で、めっちゃ静寂なの。もう風の音しか聞こえない。その静寂さと言ったら、これが天国かなって思うぐらいのレベルでした。生と死がずっと共存しているような国に思えたのね。だから、人が人に優しいのかなって思ったんですよ。
人に触れることの温もりとか幸せを、生まれたときから分かっているのかなとか、なんか尊敬もいろいろな瞬間にたくさんあって改めて大好きな国だなって思いました。それが音楽にも繋がっているような気がしましたね。なので、私はやっぱり自然豊かで生のエネルギーも感じつつ、それを音楽に昇華しているビョークが大好きです。一緒に聴いてほしいです。

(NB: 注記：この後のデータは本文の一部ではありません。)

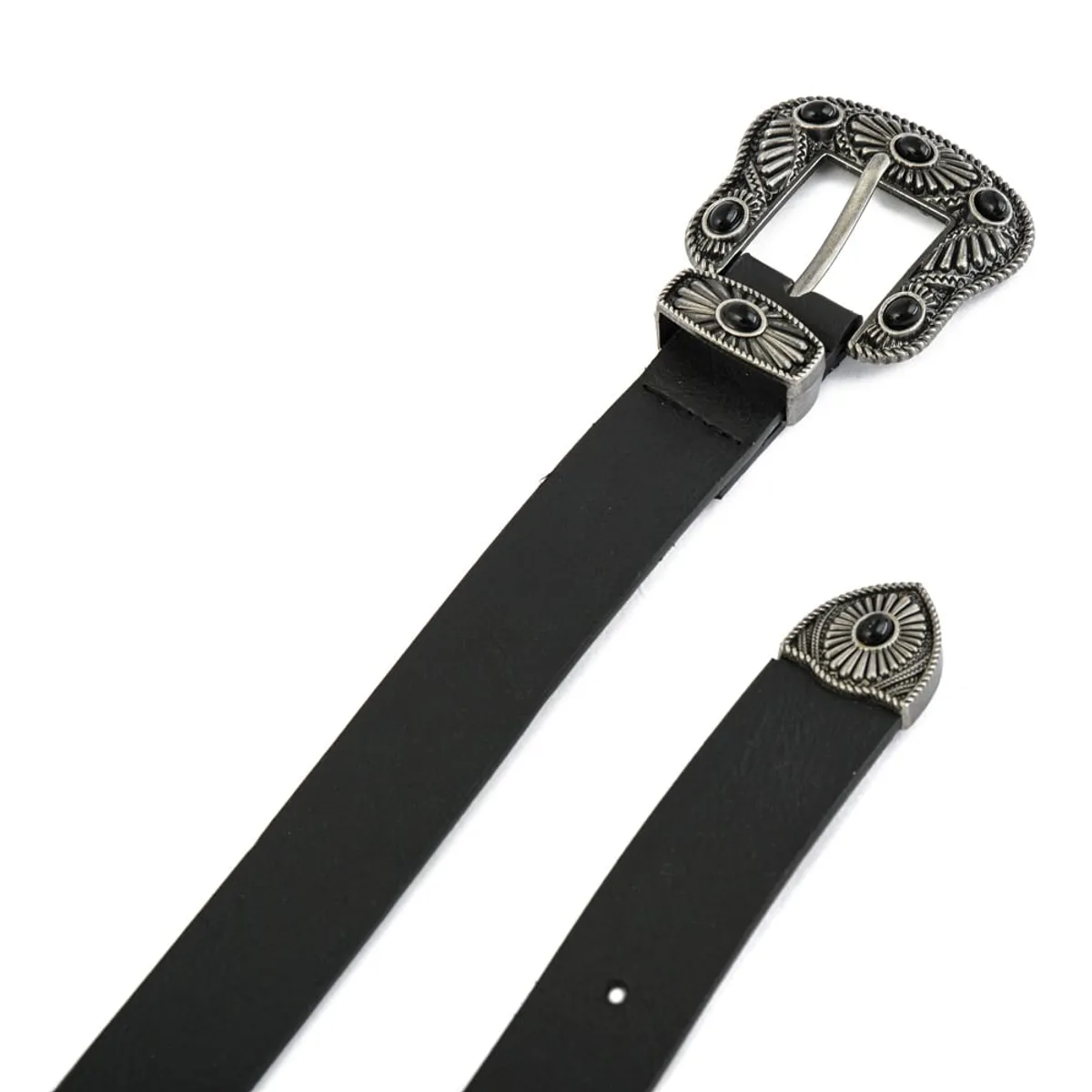 AMPHORA - Cinturon pancarte negro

ビョークとアルカで「Utopia」。
◆人生初のオーロラ体験に感激!
アイナ:ひとつだけ話し忘れていたことがあって、アイスランドにいたときに実はオーロラを初めて見ました! めっちゃ嬉しかったです。やっぱ「オーロラを見る」体験って、人生でしてみたいことランキング1位に入ってくるんですよ。だからその夢がまず叶いました
あと、もうひとつ衝撃だったのが、肉眼で見るよりも写真で撮って、そのデータで見る方が綺麗に見えて(オーロラの)緑がはっきり映るんですよ。これには驚きましたね。だから動画で撮ると、緑のキラキラが空のカーテンみたいに風になびいて揺れるわけなんです。動画でオーロラ撮ると本当に美しかったです。これはもう一度いつか見てみたいですね。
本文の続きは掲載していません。